OPM Disability Retirement: The Perspective from the Office of Personnel Management

In effective argumentation, persuasion, written memoranda, oral presentation, and the entire spectrum of attempting to convince the “other side” of the validity, force, appropriateness, and viability of any administrative or legal filing of any nature, it is often a useful tool to attempt to view an issue from that “other” perspective.

Remember that, in filing a Federal disability retirement application under FERS or CSRS, it is good to consider the fact that the OPM representative who will be reviewing your particular application, merely sees your application as one among hundreds of files assigned to him or her.  With that in mind, the essential question becomes: How can my particular application, as one among many, be reviewed in such a way that it “stands apart” so that it will be quickly approved? If you ask that question, or any variation of such a question, then you may be taking a wrong approach.

Remember that filing for disability retirement under FERS or CSRS is not like applying for a job; you are not filing a resume that needs to stand out; rather, it is often best if your particular application is nothing more than a “run of the mill” application — with strong, unequivocal and irrefutable medical evidence, along with strong legal arguments to support your case.

Yes, of course your Applicant’s Statement of Disability should explicitly describe the human condition of medical disablement; yes, the “nexus” between your medical condition and your job should be carefully constructed; but no, your application should not necessarily “stand out” as uniquely different — for such an application will often be viewed as “suspicious” and “over-stated”, and may well lead to not just a first viewing, but a re-viewing, and a possible denial

Sincerely,

Robert R. McGill, Esquire

OPM Disability Retirement: The Filing II

People often come to me at the 2nd (Reconsideration) Stage, or the 3rd (Merit Systems Protection Board) Stage, and ask that I correct the mistakes made in the initial filing. Most mistakes can be corrected. Of course, it would have been better if the Applicant had done it properly the first time, for once the Office of Personnel Management views something which should not have been submitted, it cannot be easily retracted — only further explained.

There are, moreover, certain mistakes which cannot be “explained away” — such as deliberate omissions or deceptions. Thus, if the Office of Personnel Management gets the idea that there is an element of deceptiveness in a disability retirement application — either through omission or deliberate avoidance of an issue — then it becomes a difficult case to win. Honesty is always the best policy, and no Disability Retirement applicant should ever engage in any act of covering up any information. This is conceptually different from emphasizing the elements in a disability retirement application which favor an approval, as opposed to de-emphasizing those elements which tend to obscure the primary elements of an application. Such artful emphasis/de-emphasis should always be a part of every disability retirement application, coordinating the Applicant’s Statement of Disability with supporting medical documentation, to convey a consistent “whole” to the Office of Personnel Management.

Sincerely,

Robert R. McGill, Esquire

Additional Guidance on Disability Retirement Supervisor’s Statement

Some have asked me whether acceptance of a temporary light duty assignment is of concern in a disability retirement application. If you look at SF 3112B (Supervisor’s Statement), Section E(3), the question is whether the employee has “been reassigned to ‘light duty’ or a temporary position?

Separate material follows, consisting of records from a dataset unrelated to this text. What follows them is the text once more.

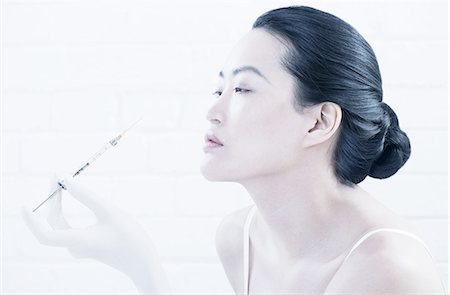 simsearch:614-06896619,k - Woman having Botox injection in face Foto de stock - Sin royalties Premium, Código: 614-08871385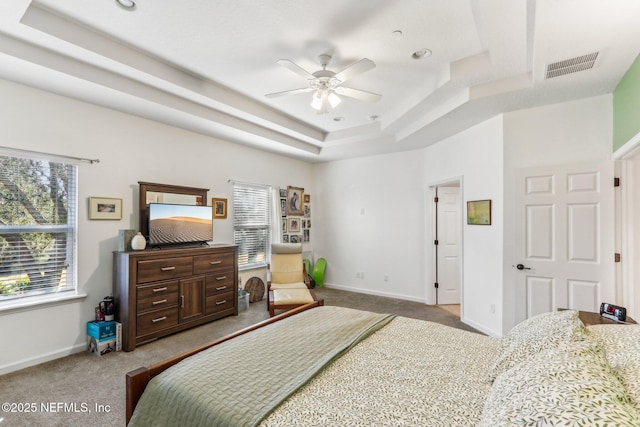 bedroom with ceiling fan, carpet flooring, a tray ceiling, and multiple windows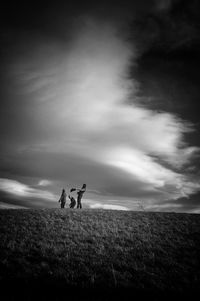 Person standing on field against cloudy sky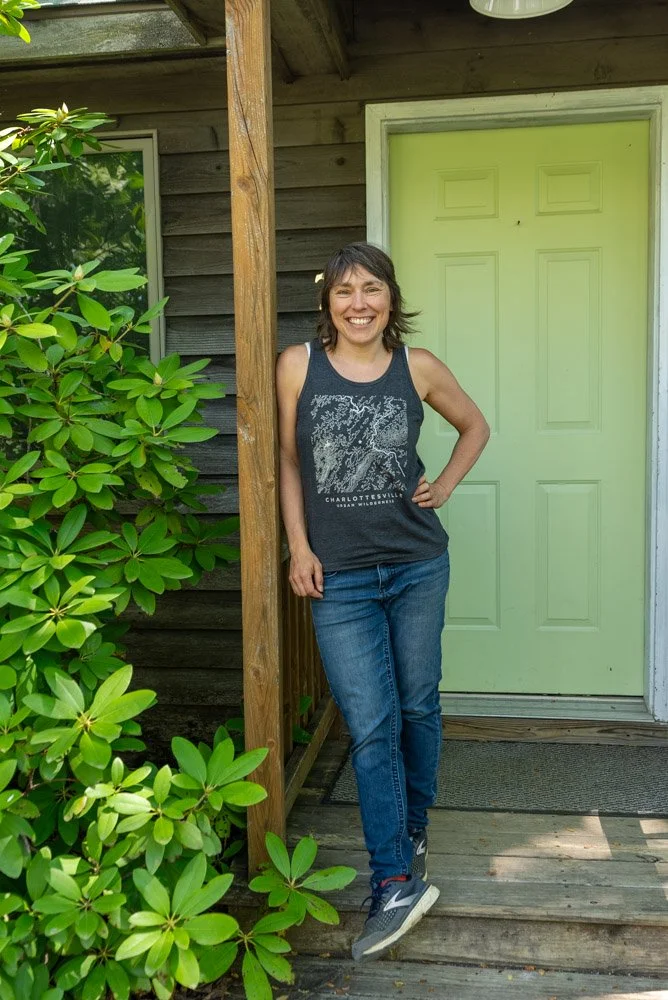 Woman standing on a wooden porch, smiling, wearing a black sleeveless shirt with graphic print, blue jeans, and sneakers, next to a green door and surrounded by green foliage.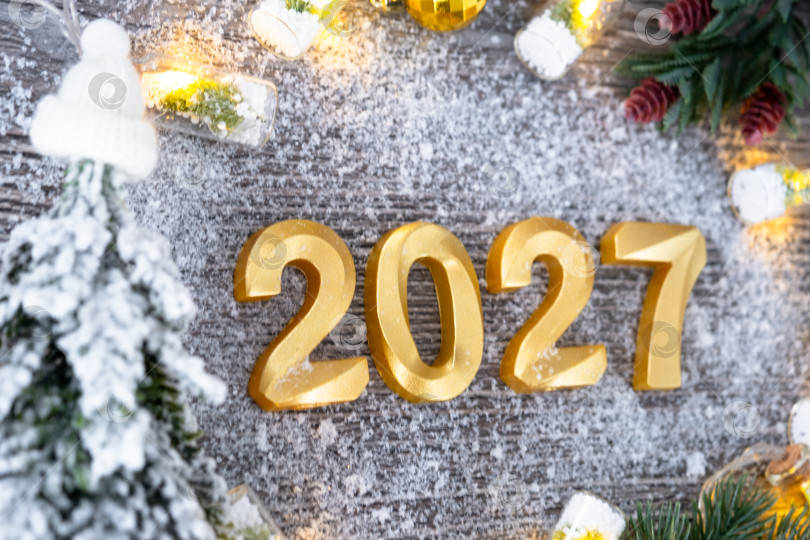 Скачать Поздравительные золотые цифры с Новым 2027 годом на уютном, праздничном сером деревянном фоне с рождественской елкой, снегом, огнями гирлянд. Поздравления, открытка. Календарь, обложка фотосток Ozero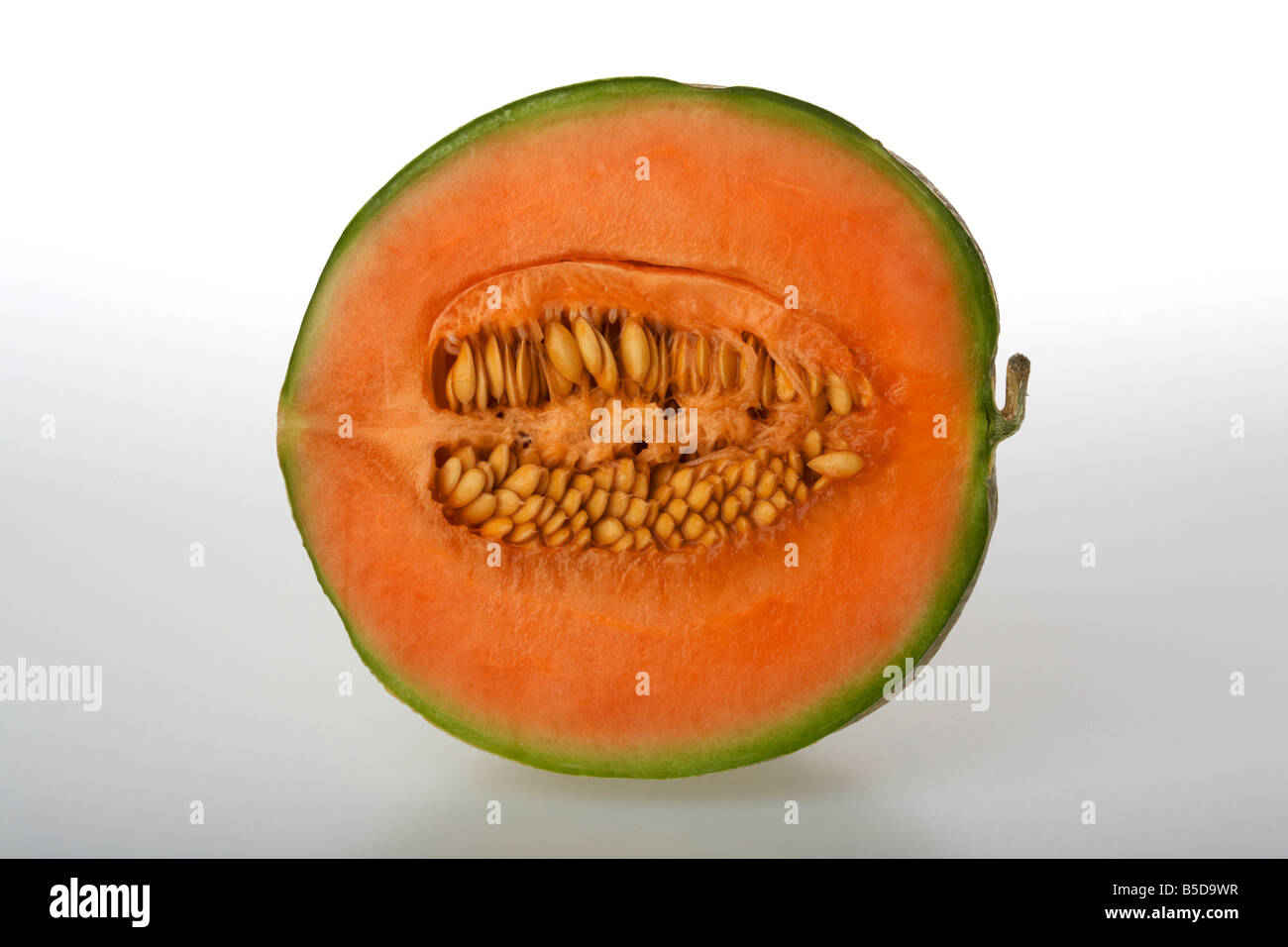cut half of ripe european cantaloupe melon showing seeds Stock Photo
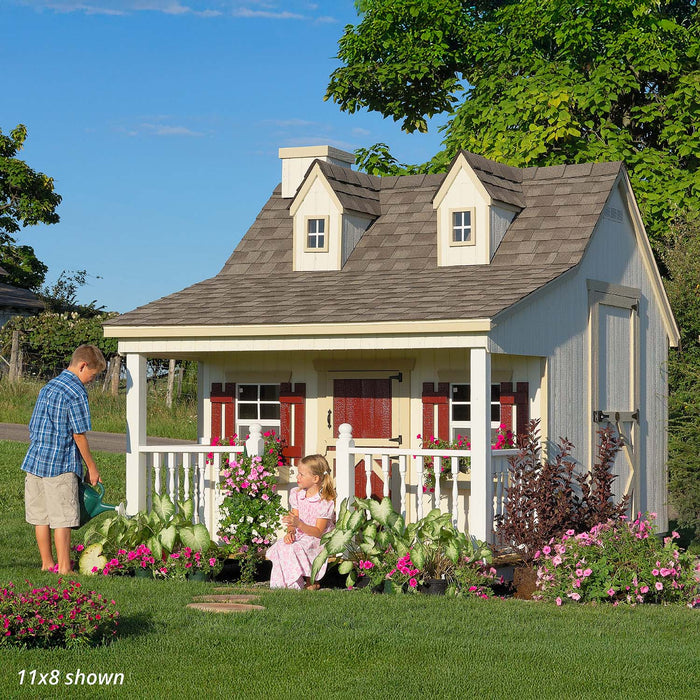 Children happily gardening outside the charming Pennfield Cottage Playhouse by Little Cottage Company.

If the Supervisor answers “No”, then of course there is no issue which would arise which would impact a disability retirement application; if the Supervisor answers “yes”, then it can actually be used as an argument for a disability retirement application, because it can be argued that the fact that the Agency has reassigned the applicant to a temporary “light duty” position is additional evidence of the acknowledgment by the Agency that the applicant could not perform one or more of the essential elements of one’s job, and therefore in such recognition, the Agency provided for a temporary light duty assignment. Acceptance of such an assignment is not a bar to disability retirement, precisely because it is not a “reassignment” to a “vacant” position, as required in the case of Bracey v. OPM.

Sincerely,

Robert R. McGill, Esquire

CSRS & FERS Disability Retirement: Be Careful

As part of a Federal or Postal employee’s process of filing for Federal Disability Retirement benefits, one may have to negotiate, respond to, or fight against an unfair Agency’s attempt to remove the Federal or Postal employee — based upon factors other than what is truly the underlying basis — of his or her medical inability to perform the essential elements of the Federal job.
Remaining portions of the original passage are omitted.